We inspected this practice on the 18 November 2014 as part of our comprehensive inspection programme.

We found that the practice had made provision to ensure care for people was safe, caring, responsive, effective and well-led and we have rated the practice as good overall.

Our key findings were as follows:

  • Staff understood and fulfilled their responsibilities to raise concerns, and to report incidents and near misses. Lessons were learned and communicated widely to support improvement. Risks to patients were assessed and well managed.
  • People’s needs were assessed and care was planned and delivered in line with current legislation and local care pathways. The practice worked proactively to identify those patients at risk of developing long term conditions which were specific to their patient population. They had developed services and worked with local schemes to monitor and improve the health of these patients. Staff had received training appropriate to their roles.
  • Patients said they were treated with compassion, dignity and respect and they were involved in decisions about their care and treatment. We also saw that staff treated patients with kindness and respect, and maintained confidentiality.
  • Patients said they had difficulty contacting the surgery by telephone but the practice had put systems in place to try to improve this. Urgent appointments were available the same day.
  • There was a clear leadership structure and staff felt supported by management. There were systems in place to monitor and improve quality and identify risk. The practice proactively sought feedback from staff and patients, which it acted on.

There were some areas of practice where the provider needs to make improvements.

  • Administration staff had not had disclosure and barring service (DBS) checks completed although some had received chaperone training and may act as a chaperone on occasion.
  • A wide range of information about the practice and services was provided.
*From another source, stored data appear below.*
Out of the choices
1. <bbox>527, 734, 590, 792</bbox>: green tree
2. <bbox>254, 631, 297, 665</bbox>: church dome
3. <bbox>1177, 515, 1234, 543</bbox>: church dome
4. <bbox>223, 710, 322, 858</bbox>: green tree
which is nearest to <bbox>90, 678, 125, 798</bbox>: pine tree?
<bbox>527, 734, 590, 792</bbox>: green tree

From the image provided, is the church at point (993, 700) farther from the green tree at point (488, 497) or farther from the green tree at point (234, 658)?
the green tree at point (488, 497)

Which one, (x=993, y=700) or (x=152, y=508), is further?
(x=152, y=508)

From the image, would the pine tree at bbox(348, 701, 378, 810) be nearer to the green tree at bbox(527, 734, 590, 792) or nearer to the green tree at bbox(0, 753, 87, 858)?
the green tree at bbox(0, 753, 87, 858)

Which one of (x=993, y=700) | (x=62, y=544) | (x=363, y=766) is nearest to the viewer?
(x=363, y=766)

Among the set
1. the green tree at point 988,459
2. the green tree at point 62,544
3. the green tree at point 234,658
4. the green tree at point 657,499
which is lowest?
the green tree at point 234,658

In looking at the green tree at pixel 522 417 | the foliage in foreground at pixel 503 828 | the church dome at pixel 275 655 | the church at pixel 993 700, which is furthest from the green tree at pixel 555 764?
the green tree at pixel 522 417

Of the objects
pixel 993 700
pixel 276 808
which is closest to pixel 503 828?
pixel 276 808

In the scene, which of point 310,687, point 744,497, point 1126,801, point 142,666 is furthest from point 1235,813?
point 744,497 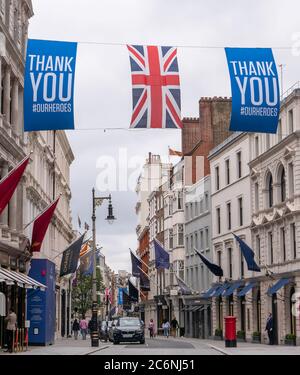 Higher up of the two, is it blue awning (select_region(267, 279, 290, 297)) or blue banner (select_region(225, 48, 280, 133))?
blue banner (select_region(225, 48, 280, 133))

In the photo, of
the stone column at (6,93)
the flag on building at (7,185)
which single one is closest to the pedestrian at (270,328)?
the stone column at (6,93)

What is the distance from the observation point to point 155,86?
1140 inches

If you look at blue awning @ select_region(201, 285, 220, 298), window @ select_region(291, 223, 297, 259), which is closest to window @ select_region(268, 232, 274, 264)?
window @ select_region(291, 223, 297, 259)

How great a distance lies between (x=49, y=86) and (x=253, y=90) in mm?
6963

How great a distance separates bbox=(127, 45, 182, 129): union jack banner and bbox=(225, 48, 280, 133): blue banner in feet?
6.49

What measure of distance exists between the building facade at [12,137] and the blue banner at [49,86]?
23.7 ft

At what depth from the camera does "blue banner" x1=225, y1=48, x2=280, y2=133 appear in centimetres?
2855

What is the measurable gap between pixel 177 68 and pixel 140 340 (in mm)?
23279

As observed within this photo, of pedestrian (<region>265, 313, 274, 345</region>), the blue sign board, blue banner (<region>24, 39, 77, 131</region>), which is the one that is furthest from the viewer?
pedestrian (<region>265, 313, 274, 345</region>)

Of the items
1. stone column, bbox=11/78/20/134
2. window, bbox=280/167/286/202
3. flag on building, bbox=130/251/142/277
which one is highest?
stone column, bbox=11/78/20/134

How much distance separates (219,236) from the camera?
65.9 m

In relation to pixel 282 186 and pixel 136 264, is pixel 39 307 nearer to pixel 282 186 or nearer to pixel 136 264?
pixel 282 186

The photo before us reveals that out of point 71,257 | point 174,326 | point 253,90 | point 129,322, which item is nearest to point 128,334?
point 129,322

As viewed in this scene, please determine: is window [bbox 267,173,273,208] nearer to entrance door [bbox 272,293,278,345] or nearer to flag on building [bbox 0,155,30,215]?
entrance door [bbox 272,293,278,345] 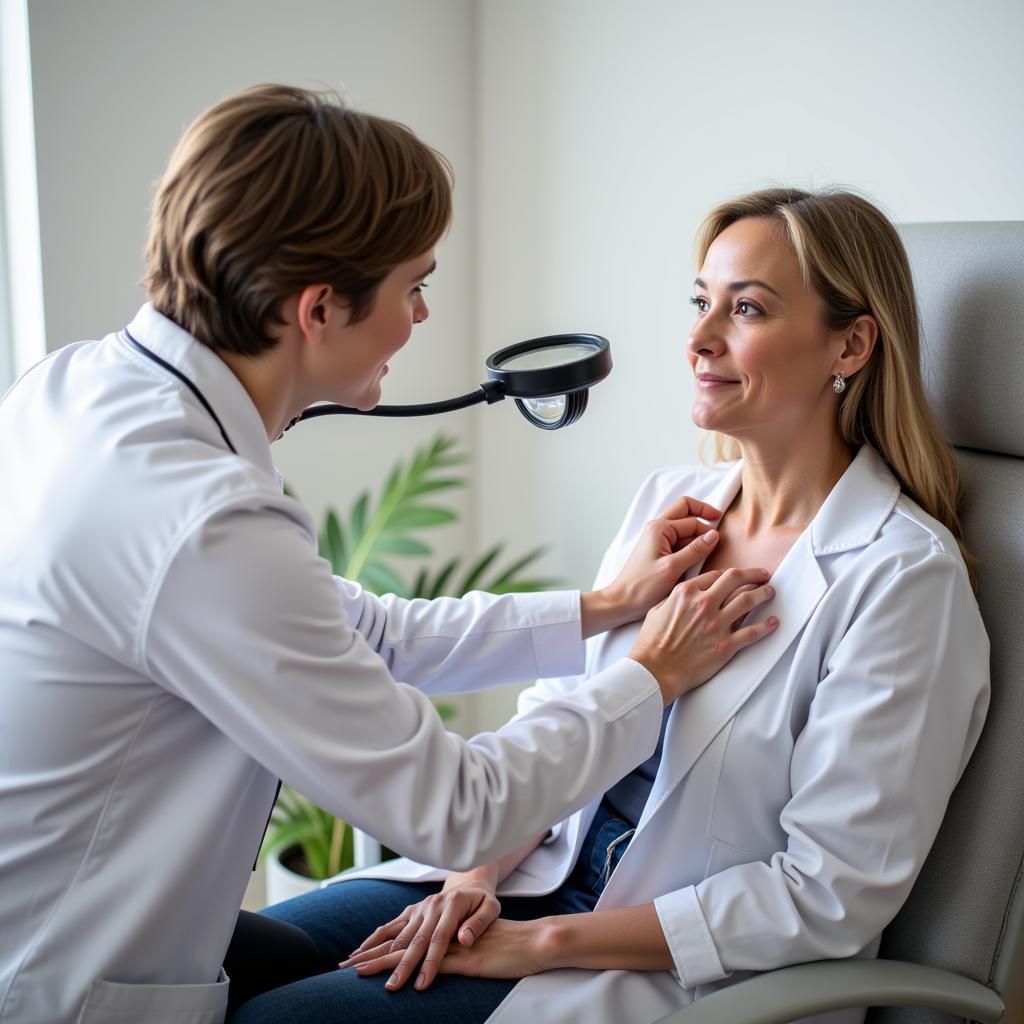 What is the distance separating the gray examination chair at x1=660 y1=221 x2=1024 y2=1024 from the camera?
3.43ft

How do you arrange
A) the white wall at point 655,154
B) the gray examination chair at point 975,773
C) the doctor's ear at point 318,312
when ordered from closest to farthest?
1. the doctor's ear at point 318,312
2. the gray examination chair at point 975,773
3. the white wall at point 655,154

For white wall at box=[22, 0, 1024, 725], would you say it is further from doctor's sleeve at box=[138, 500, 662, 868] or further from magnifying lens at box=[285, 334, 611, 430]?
doctor's sleeve at box=[138, 500, 662, 868]

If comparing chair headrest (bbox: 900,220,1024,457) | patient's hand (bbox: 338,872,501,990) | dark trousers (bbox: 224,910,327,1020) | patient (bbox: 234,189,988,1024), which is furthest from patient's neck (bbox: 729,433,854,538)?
dark trousers (bbox: 224,910,327,1020)

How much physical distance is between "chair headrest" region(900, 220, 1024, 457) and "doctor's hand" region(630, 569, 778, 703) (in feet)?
1.04

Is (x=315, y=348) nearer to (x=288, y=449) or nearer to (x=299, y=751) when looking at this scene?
(x=299, y=751)

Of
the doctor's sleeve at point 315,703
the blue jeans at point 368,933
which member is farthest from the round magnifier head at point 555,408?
the blue jeans at point 368,933

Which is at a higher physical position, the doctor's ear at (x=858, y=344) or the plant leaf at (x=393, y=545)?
the doctor's ear at (x=858, y=344)

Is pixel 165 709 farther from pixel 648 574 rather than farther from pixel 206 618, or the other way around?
pixel 648 574

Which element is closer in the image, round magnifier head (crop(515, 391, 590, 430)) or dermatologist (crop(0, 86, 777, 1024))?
dermatologist (crop(0, 86, 777, 1024))

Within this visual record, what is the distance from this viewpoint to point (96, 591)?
85cm

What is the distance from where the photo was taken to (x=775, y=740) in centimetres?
116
However, key documents, such as the practice booklet and complaints procedure, were only available in English which did not meet the needs of some of the patient population.
  • Verbal concerns that were raised by patients and any actions taken were not always recorded.

Professor Steve Field (CBE FRCP FFPH FRCGP) 
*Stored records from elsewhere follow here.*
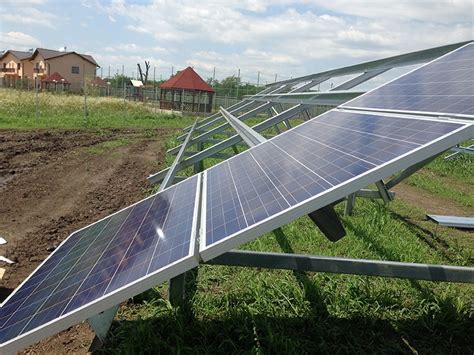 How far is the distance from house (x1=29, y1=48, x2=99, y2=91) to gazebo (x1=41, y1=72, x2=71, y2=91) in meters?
3.98

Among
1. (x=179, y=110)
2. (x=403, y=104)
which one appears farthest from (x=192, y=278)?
(x=179, y=110)

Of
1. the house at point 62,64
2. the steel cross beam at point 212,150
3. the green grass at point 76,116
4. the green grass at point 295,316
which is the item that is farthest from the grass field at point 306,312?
the house at point 62,64

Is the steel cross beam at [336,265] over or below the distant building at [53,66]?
below

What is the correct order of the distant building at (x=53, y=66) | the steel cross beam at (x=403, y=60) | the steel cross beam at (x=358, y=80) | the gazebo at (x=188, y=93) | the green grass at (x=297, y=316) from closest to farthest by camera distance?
the green grass at (x=297, y=316) < the steel cross beam at (x=403, y=60) < the steel cross beam at (x=358, y=80) < the gazebo at (x=188, y=93) < the distant building at (x=53, y=66)

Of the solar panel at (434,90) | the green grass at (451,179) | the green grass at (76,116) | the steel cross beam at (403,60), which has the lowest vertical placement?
the green grass at (451,179)

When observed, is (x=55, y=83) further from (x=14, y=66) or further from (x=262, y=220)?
(x=262, y=220)

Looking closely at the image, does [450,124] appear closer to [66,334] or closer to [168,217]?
[168,217]

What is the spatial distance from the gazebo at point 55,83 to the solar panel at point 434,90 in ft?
183

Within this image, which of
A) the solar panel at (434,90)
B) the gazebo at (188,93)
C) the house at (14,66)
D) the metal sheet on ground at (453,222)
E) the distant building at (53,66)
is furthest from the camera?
the house at (14,66)

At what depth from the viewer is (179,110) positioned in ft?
122

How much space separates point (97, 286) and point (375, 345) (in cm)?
239

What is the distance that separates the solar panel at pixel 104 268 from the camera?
89.4 inches

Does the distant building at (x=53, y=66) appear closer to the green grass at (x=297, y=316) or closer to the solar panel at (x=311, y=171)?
the green grass at (x=297, y=316)

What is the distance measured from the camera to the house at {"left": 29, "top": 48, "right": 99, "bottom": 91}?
2527 inches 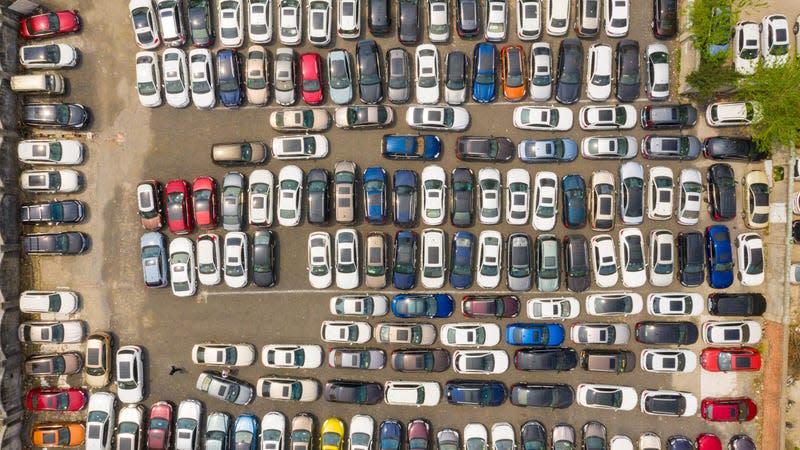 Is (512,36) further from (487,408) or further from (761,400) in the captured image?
(761,400)

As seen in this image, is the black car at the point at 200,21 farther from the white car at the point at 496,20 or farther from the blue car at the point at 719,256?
the blue car at the point at 719,256

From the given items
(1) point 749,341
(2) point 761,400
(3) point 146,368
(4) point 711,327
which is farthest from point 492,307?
(3) point 146,368

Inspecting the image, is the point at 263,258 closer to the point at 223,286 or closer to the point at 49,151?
the point at 223,286

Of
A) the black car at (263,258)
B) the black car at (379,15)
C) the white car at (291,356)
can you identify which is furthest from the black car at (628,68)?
the white car at (291,356)

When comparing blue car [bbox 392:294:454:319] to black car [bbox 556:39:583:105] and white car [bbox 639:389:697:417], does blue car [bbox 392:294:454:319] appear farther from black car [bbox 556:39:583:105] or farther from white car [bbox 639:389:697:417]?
black car [bbox 556:39:583:105]

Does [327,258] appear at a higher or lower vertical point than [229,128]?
lower

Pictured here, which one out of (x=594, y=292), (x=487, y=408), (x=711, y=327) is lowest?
(x=487, y=408) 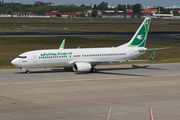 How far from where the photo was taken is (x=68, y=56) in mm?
61375

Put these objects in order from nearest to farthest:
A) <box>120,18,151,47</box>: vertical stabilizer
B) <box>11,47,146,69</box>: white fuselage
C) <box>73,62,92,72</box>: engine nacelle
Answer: <box>11,47,146,69</box>: white fuselage
<box>73,62,92,72</box>: engine nacelle
<box>120,18,151,47</box>: vertical stabilizer

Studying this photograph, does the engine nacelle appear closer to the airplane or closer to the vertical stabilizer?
the airplane

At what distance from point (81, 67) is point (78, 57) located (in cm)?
206

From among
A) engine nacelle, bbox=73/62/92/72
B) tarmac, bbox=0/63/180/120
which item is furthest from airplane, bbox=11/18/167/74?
tarmac, bbox=0/63/180/120

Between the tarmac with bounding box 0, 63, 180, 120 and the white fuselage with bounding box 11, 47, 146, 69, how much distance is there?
1.76 meters

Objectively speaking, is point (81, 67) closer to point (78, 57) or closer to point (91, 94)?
point (78, 57)

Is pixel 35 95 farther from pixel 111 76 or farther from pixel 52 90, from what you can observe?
pixel 111 76

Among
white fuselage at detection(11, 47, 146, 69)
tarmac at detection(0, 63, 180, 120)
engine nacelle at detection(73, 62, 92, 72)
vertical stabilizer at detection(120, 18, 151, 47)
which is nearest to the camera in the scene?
tarmac at detection(0, 63, 180, 120)

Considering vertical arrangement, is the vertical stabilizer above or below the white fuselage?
above

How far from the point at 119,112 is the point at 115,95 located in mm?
8848

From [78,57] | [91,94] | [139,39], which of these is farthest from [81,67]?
[91,94]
Chief Inspector of General Practice

13 May 2014

During an inspection looking at part of the service

Our inspection on the 11 November 2013 found the practice did not have robust systems in place which were designed to assess the risk of and prevent and control the spread of health care associated infections. Following the inspection the provider wrote to us and told us they would take action to ensure they were compliant with these essential standards.

At this inspection we found that improvements had been made. The provider had reviewed their policies and procedures and implemented new systems which assessed the risk of and prevented the spread of health care associated infections.

11 November 2013

During a routine inspection

We talked with three people who used the practice. Two people told us they had found it easy to make both non-urgent and urgent appointments. They felt the receptionists were 'very good' and the appointments had not been rushed. One person told us it was difficult to make telephone appointments because they had to take their children to school from 8am to 9am when most of the appointments were allocated.
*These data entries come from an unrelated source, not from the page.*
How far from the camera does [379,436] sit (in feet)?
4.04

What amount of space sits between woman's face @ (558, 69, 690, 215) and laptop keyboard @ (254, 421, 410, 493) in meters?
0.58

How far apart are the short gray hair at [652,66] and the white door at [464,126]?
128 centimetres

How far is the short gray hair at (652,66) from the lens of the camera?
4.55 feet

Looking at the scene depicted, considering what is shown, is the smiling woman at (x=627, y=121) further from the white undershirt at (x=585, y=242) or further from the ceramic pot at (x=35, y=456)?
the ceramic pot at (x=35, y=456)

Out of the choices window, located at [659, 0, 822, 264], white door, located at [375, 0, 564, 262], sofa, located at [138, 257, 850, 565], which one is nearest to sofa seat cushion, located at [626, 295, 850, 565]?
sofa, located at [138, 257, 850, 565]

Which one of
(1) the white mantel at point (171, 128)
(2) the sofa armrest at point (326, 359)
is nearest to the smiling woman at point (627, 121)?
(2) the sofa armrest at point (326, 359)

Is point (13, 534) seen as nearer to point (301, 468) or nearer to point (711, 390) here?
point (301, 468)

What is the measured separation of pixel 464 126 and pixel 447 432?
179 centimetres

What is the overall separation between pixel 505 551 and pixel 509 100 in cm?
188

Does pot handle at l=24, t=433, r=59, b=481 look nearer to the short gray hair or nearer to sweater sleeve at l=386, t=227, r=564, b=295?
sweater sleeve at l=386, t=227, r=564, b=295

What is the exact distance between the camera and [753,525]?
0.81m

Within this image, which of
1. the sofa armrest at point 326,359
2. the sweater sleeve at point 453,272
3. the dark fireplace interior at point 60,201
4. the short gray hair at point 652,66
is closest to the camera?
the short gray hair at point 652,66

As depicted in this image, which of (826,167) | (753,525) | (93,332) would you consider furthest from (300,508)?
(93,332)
We found that people's views about the service were acknowledged and responded to. For example in the GP practice survey results 2012 ' 2013, people were asked if it was difficult to get through on the telephone, 64 people out of 88 responded that it was not easy to contact the practice by telephone. In response we saw the practice planned to improve the telephone system by adding an extra line.

People who used the service were protected against the risk of abuse. Staff had received training in abuse awareness and protecting children and vulnerable adults. Policies and procedures were available to all staff in relation to safeguarding.

We also found the practice was following their recruitment process and had carried out all the appropriate checks before staff had started work.

We looked at the premises and found the practice did not have robust systems in place which were designed to assess the risk of and prevent and control the spread of health care associated infections.